As part of a bigger picture on integrating data science an early step in making data science effective is having the relevant data to address and/or answer the critical business questions.
When I say data, what am I talking about? Big data? Distributed data? Data in the cloud? Some other buzz phrase or hot topic in technology blogs and mags? Summary charts and tables? Presentations with beautiful dashboard graphics and visualizations?
None of these necessarily. Most of the above terminology refers to how much data and where that data is stored or how it's presented.
Like the Where's Waldo hidden character series, data scientists need access to the relevant data to begin finding the hidden patterns and stories within to solve problems and answer questions. Data that's all over the organization, buried on individual desktops, stuck in emails, or stored in siloed departmental databases make answering questions and solving problems far more difficult. Data scientists work at a raw data level that is often confusing for organizations to understand. So let's clear that up.
Data scientists live in a world of probabilities, and sometimes individual probabilities, at that. What does individual probabilities mean? Predictive modeling and machine learning supports the kind of individualization and customization that consumers and clients want these days. But that individualization and customization comes at a price, and that price is the data required to build the models that produce the probabilistic output at an individual level.

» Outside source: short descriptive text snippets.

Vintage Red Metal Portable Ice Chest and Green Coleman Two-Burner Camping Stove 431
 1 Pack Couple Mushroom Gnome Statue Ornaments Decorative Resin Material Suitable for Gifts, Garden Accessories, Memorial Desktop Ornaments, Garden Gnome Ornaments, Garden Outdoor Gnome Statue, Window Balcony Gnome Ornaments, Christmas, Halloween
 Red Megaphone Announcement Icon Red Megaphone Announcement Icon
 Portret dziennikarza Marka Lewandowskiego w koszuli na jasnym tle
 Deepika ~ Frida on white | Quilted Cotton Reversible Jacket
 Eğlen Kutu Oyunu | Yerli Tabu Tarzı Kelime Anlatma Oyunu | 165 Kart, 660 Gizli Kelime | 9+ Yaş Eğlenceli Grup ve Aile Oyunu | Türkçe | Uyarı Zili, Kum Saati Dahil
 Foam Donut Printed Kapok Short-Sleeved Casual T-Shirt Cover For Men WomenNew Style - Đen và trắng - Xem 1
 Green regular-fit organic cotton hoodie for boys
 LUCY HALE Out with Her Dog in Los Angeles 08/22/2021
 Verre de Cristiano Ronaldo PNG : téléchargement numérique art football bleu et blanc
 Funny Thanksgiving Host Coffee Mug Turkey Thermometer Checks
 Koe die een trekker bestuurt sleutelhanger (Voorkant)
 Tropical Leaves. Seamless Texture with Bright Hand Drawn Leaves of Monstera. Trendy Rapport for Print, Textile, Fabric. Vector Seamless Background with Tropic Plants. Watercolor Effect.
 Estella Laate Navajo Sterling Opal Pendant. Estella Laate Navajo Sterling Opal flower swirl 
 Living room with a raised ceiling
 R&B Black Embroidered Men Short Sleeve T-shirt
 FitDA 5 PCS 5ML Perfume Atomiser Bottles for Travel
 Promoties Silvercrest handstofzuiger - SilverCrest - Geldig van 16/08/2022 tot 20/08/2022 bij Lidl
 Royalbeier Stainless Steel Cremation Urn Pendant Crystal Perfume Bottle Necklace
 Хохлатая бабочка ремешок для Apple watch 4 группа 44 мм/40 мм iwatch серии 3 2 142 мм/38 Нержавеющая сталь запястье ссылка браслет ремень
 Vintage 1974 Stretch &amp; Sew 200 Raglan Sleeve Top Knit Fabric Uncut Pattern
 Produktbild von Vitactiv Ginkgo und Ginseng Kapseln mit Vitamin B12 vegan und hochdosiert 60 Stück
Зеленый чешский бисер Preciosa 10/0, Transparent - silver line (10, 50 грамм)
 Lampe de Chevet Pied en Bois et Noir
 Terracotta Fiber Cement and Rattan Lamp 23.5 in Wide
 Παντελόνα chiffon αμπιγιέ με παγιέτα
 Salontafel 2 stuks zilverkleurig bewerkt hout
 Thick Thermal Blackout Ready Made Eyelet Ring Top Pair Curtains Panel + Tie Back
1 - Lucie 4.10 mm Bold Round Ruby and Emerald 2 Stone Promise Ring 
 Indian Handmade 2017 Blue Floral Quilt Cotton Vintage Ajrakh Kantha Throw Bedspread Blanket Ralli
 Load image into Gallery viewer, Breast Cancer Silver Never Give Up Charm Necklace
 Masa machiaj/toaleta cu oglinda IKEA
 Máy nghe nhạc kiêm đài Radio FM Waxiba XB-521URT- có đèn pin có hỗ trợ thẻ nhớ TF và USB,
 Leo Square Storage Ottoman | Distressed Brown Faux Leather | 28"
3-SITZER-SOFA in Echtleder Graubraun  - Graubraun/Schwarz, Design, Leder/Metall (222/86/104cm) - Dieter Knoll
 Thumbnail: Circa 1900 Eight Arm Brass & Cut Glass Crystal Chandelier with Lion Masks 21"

Let's try all that again: without the requisite, relevant available data to build models that output probabilities that targets will do what you want data science can't be valuable in creating optimized and efficient inputs for business success.
Gathering data is the first step in making data science work, which could be called what to collect.
Data collection based on important questions to be asked and answered are necessary as the foundation of the data science hierarchy:
- What data do you need and for what purpose?
- If the data doesn't exist, are you willing to step back and take the time to gather or purchase it and potentially lose tactical business traction to sacrifice for the future?
- Do you understand the volume, velocity, and variety of data you have or need? Put another way, do you understand how much data, how quickly it's being gathered or can be purchased, and how many different types of data are available or relevant?
- Have profiles of clients or consumers been built that classify them by channel interest (if this is important from a marketing perspective); e.g. is the recipient more disposed to receiving email than banner ads? Beyond this, are digital assets tagged correctly to identify those recipients?
- Have the appropriate third-party agreements been put in place if data is being collected from another entity you don’t control, such as partners, vendors, or data marketplaces?
- Do you need or have access to 3rd party consumer profile data from vendors such as Acxiom, Experian, or ESRI?
- Is there a plan for how to bring together the data being gathered directly and from outside sources? Basically, is there a common "link" that will identify individuals to build a profile?
- Has a measurement plan to track and report the most important and relevant key performance indicators been developed in conjunction with preparing for data collection?
If you've committed to data science and want to talk more about the first step of organizing, coordinating, and collecting the relevant and valuable data your organization will need for data scientists to be successful, reach out to me at sam.johnson@bluejacketsol.com.
And if you've been successful it's always great to hear how others have made it work. Each opportunity is unique; like the nationwide regional BBQ battles over whose is best, data science is done in many flavors, none the only or the best. Having baseline processes to define the output, though, like knowing you'll need a smoker for brisket--Big Green Egg, Traeger pellet, barrel smoker--is part of the required methodology for a modicum of success.